Table 4-3 Sources of Input for the National Practitioner Data Bank

Medical malpractice payments (any payment made on behalf of a physician in response to a written complaint or claim)
License actions by medical boards
Professional review or clinical privilege actions taken by hospitals and other health care entities (professional societies)
Actions taken by the Drug Enforcement Agency
Medicare or Medicaid exclusions

  1. Structure, Process, and Outcome: The Building Blocks of Quality
  2. Although quality of care is difficult to define, it is generally accepted that it is composed of three components: structure (setting in which care is provided), process of care (preanesthetic evaluation plus continual attendance and monitoring during anesthesia), and outcome. A quality improvement program focuses on measuring and improving these basic components of care.

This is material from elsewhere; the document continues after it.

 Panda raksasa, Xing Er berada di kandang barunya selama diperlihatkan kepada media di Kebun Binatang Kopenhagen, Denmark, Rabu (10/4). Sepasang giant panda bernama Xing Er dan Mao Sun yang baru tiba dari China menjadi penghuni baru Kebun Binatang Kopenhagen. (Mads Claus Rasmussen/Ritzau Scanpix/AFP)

  3. Continuous quality improvement (CQI)focuses on system errors, which are controllable and solvable as opposed to random errors, which are difficult to prevent. A CQI program may focus on undesirable outcomes as a way of identifying opportunities for improvement in the structure and process of care. Peer review is critical to this process.
  4. Difficulty of Outcome Measurement in Anesthesia
  5. Improvement in quality of care is often measured by a decrease in the rate of adverse outcomes.
  6. Adverse outcomes are rare in anesthesia, making measurement of improvement difficult. To complement outcome measurements, anesthesia CQI programs can focus on critical incidents (events that cause or have the potential to cause patient injury if not noticed or corrected in a timely manner [e.g., ventilator disconnect]), sentinel events, and human errors [inevitable yet potentially preventable by appropriate system safeguards].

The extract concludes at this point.